PROBLEM> What is needed is an exact copy of the records below, minus any pictures.
** Opening DATA TO EXAMINE block **
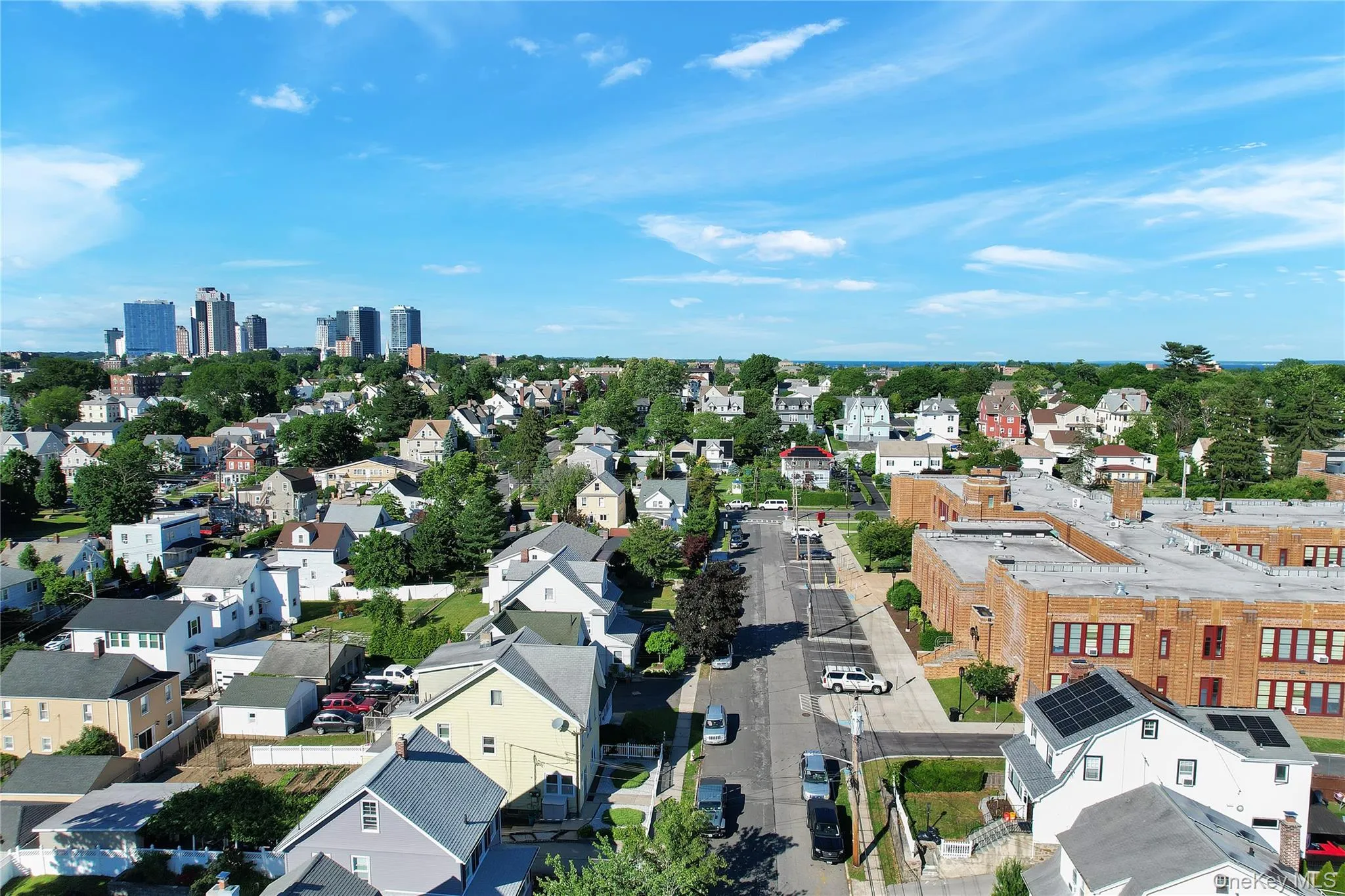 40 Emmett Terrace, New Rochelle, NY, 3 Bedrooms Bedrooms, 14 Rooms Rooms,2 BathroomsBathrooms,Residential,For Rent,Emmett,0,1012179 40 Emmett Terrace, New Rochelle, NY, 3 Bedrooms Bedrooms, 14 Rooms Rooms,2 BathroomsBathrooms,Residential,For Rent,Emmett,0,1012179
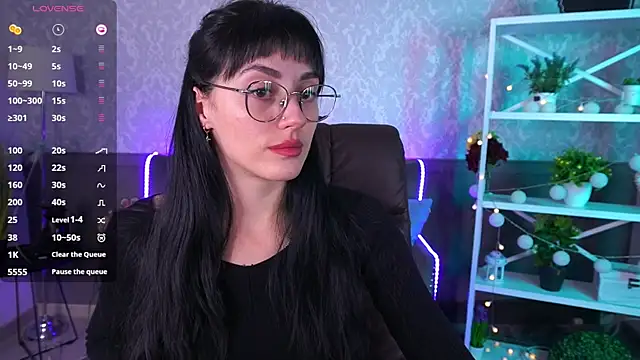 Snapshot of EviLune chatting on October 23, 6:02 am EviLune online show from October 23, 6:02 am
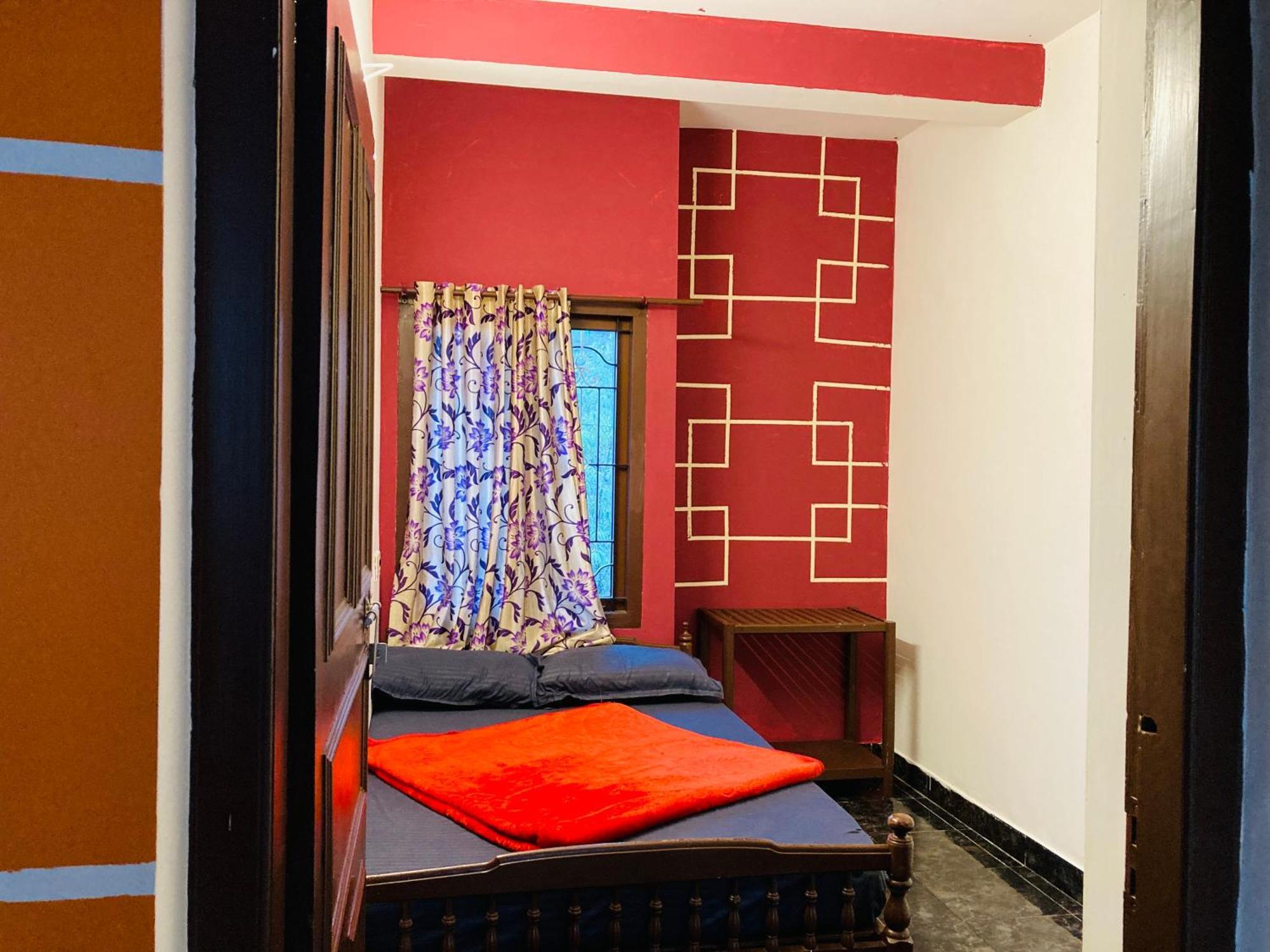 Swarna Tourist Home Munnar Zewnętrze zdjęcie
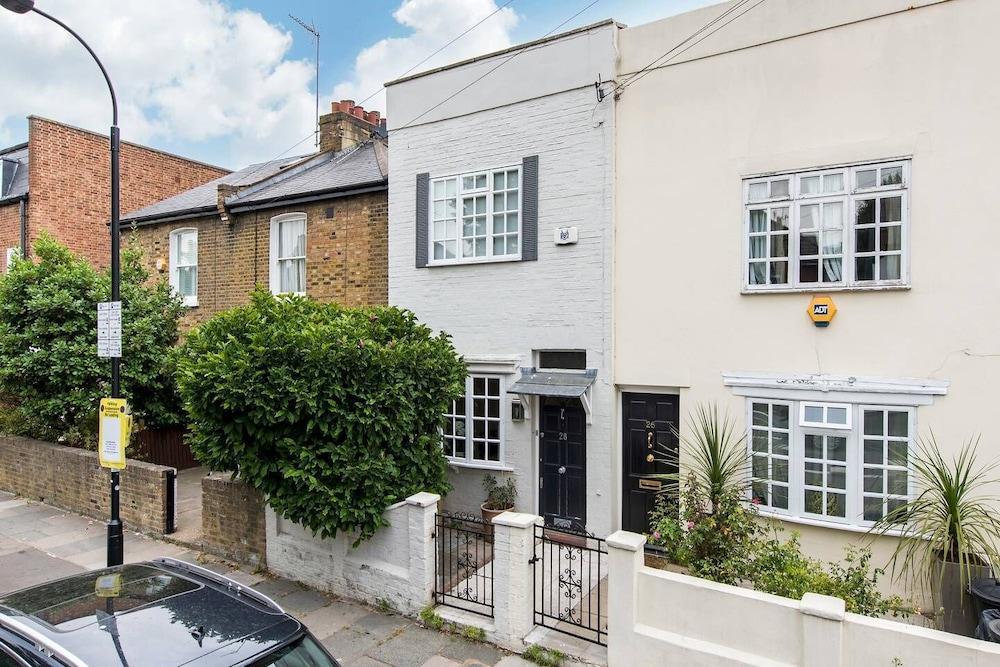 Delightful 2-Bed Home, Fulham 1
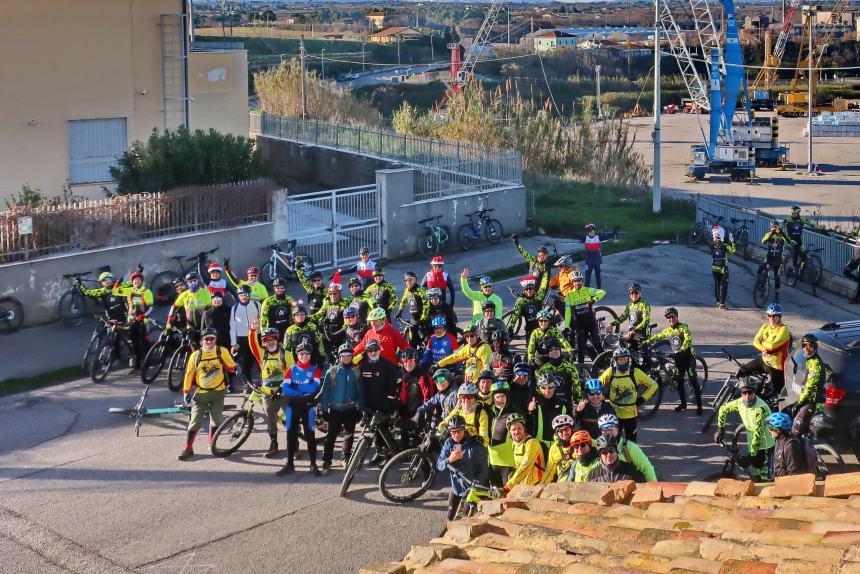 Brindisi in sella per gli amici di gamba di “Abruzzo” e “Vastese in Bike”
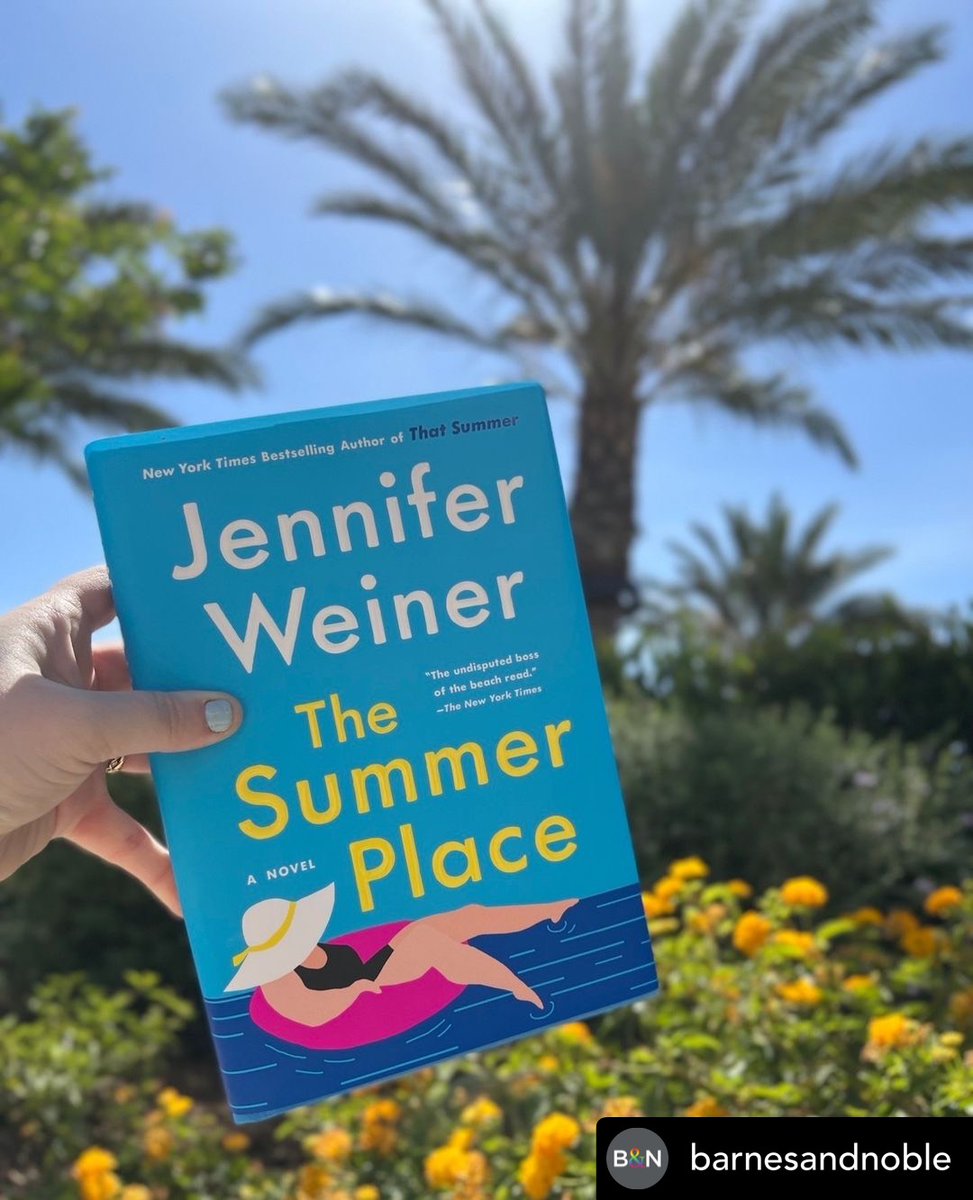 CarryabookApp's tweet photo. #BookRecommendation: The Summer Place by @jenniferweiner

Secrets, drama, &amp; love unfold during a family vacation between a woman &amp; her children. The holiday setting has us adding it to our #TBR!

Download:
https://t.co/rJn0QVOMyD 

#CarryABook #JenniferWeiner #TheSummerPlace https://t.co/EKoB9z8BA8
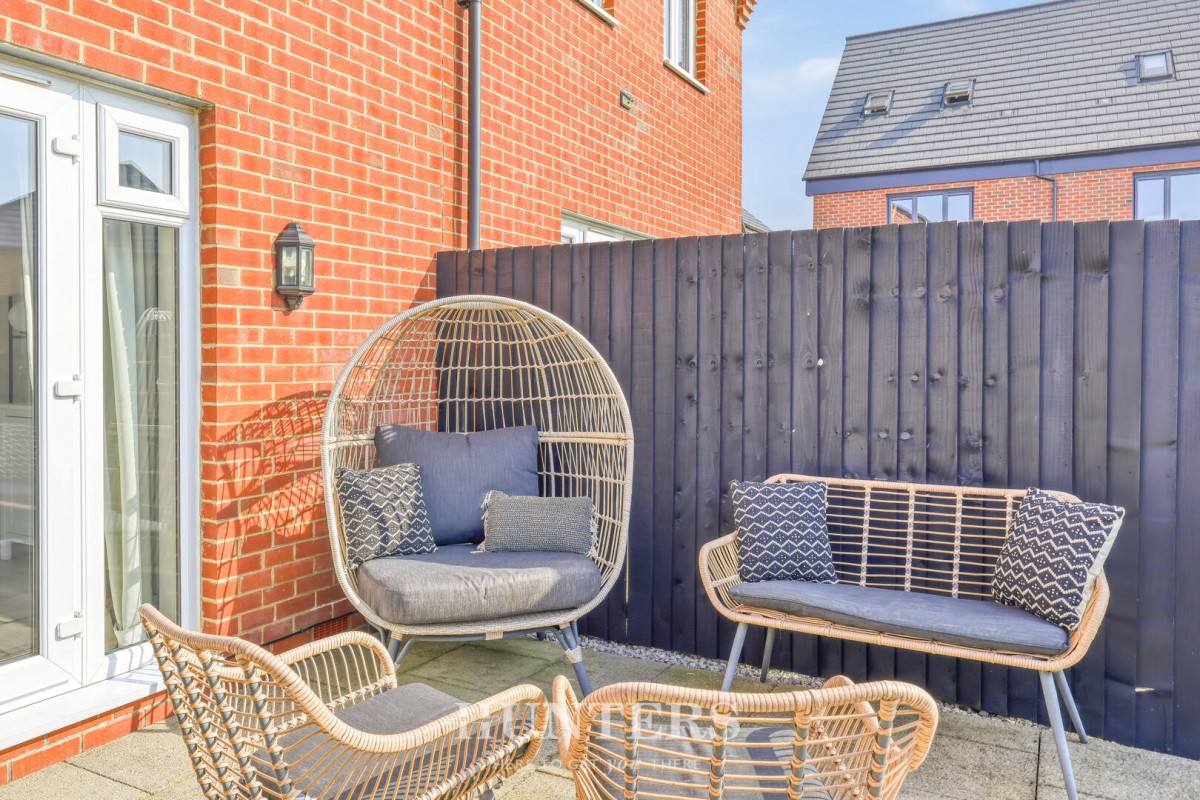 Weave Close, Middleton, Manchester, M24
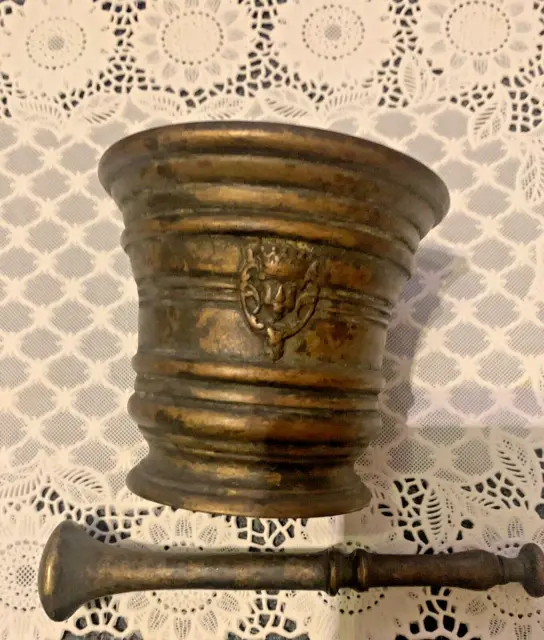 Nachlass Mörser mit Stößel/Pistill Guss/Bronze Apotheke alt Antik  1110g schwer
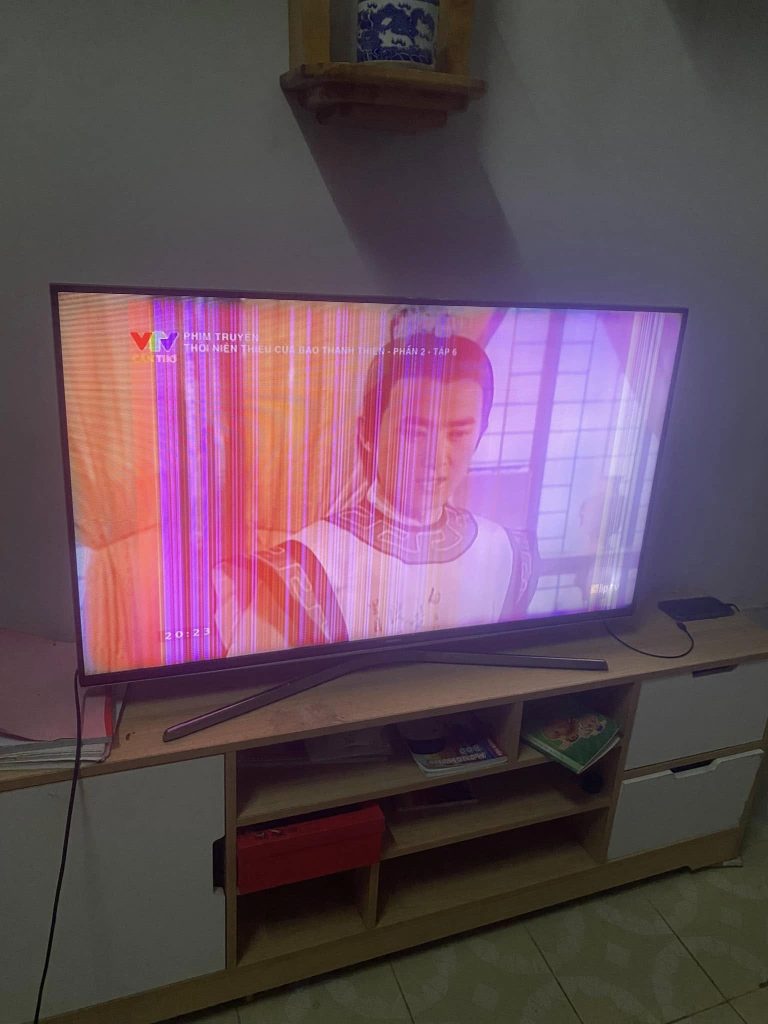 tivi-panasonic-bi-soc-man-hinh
** Closing DATA TO EXAMINE block **
OUTPUT OF THE EXERCISE>
 40 Emmett Terrace, New Rochelle, NY, 3 Bedrooms Bedrooms, 14 Rooms Rooms,2 BathroomsBathrooms,Residential,For Rent,Emmett,0,1012179 40 Emmett Terrace, New Rochelle, NY, 3 Bedrooms Bedrooms, 14 Rooms Rooms,2 BathroomsBathrooms,Residential,For Rent,Emmett,0,1012179
 Snapshot of EviLune chatting on October 23, 6:02 am EviLune online show from October 23, 6:02 am
 Swarna Tourist Home Munnar Zewnętrze zdjęcie
 Delightful 2-Bed Home, Fulham 1
 Brindisi in sella per gli amici di gamba di “Abruzzo” e “Vastese in Bike”
 CarryabookApp's tweet photo. #BookRecommendation: The Summer Place by @jenniferweiner

Secrets, drama, &amp; love unfold during a family vacation between a woman &amp; her children. The holiday setting has us adding it to our #TBR!

Download:
https://t.co/rJn0QVOMyD 

#CarryABook #JenniferWeiner #TheSummerPlace https://t.co/EKoB9z8BA8
 Weave Close, Middleton, Manchester, M24
 Nachlass Mörser mit Stößel/Pistill Guss/Bronze Apotheke alt Antik  1110g schwer
 tivi-panasonic-bi-soc-man-hinh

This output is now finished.